This release from 2004 features 64 minutes of masterful electronic music.

Belgian composer van Bogaert has a way of transforming synthesizer melodies into epic constructions that bristle with majestic proportion. Even his simpler compositions seem to evoke a grandeur that parts the clouds to reveal a panorama of optimism.

Stately keyboards dominate this music with a peppering of pleasant percussion. Serious piano and expansive electronics blend with heavenly atmospherics to create delicate passages that stir the soul with their tender melodies, imparting a gentle yearning with idyllic flair. For the most part, demonstrative outbursts play a minor role; this music flourishes in more sedate territory, exploring a gentler, more human side of electronic tuneage. Regal touches elevate even the most trivial excerpt, however, injecting a sense of importance to each note.

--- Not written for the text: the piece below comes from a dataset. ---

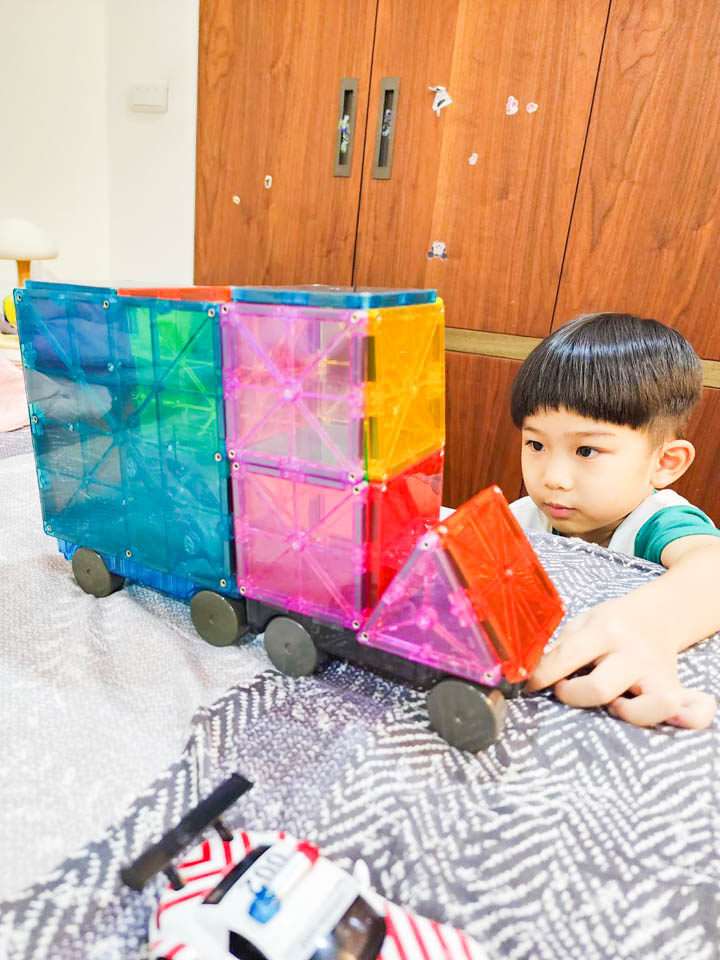 Magna-Tiles彩色磁力片 從開放式玩法發現孩子的無限可能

The emotional focus of this music examines nature and humanity’s coexistence with the world. Van Bogaert’s compositions evoke an innocence that softly merges mankind with its environment, often exemplifying the adage that observation makes one a part of the scrutinized circumstance.

Fans of classic Vangelis will enjoy this release.

One of the tracks utilizes a traditional melody originally from the Solomon Islands, the same one used by Deep Forest and Jan Gabarek on their popular recordings.